Here’s a pretty good Twitter thread about it and with more links to read:

Also something to make clear:

  1. This is a research study being presented as a legal inquiry and not a research study
  2. The preamble of the email is an active lie
  3. There are many better ways that they could have run this study

I do not appreciate having my time wasted by this nonsense.

Deeply-weird privacy people


Every now and then I get what feels like a bad-faith form letter from someone who I’ve never heard of before, has probably never even come to this website, and is probably a privacy lawyer out to make a quick buck.

UPDATE: The mystery has been solved.

Here’s the most recent one:

To Whom It May Concern:

My name is [REDACTED], and I am a resident of Norfolk, Virginia. I have a few questions about your process for responding to California Consumer Privacy Act (CCPA) data access requests:

Would you process a CCPA data access request from me even though I am not a resident of California? Do you process CCPA data access requests via email, a website, or telephone? If via a website, what is the URL I should go to? What personal information do I have to submit for you to verify and process a CCPA data access request? What information do you provide in response to a CCPA data access request? To be clear, I am not submitting a data access request at this time. My questions are about your process for when I do submit a request.

Thank you in advance for your answers to these questions.
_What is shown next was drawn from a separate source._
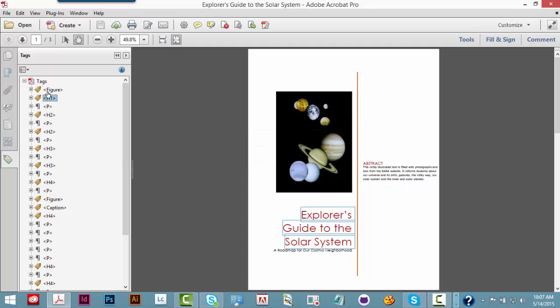And that ends our brief demonstration of NVDA reading PDF files in Adobe Acrobat or Adobe Reader.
If there is a better contact for processing CCPA requests regarding, I kindly ask that you forward my request to them.

I look forward to your reply without undue delay and at most within 45 days of this email, as required by Section 1798.130 of the California Civil Code.



My response is to just direct them to the privacy policy for this website which is a weird thing for me to even need for, y'know, a personal blog.

Maybe I should just not respond and see if they try to sue me for data that I don’t have and have no reason to keep, though.

Incidentally the letter is always exactly the same except for the name and the cited law; they’re always from Roanoke, Virginia, and the wording is otherwise identical each time. They also always come from the same email domain.

So I mean it’s probably a bot, but… to what end? Other folks have been receiving these as well, and the prevailing theory is that it’s people trying to sell GDPR/CCPA compliance packages, but my responses have gone unanswered. So strange.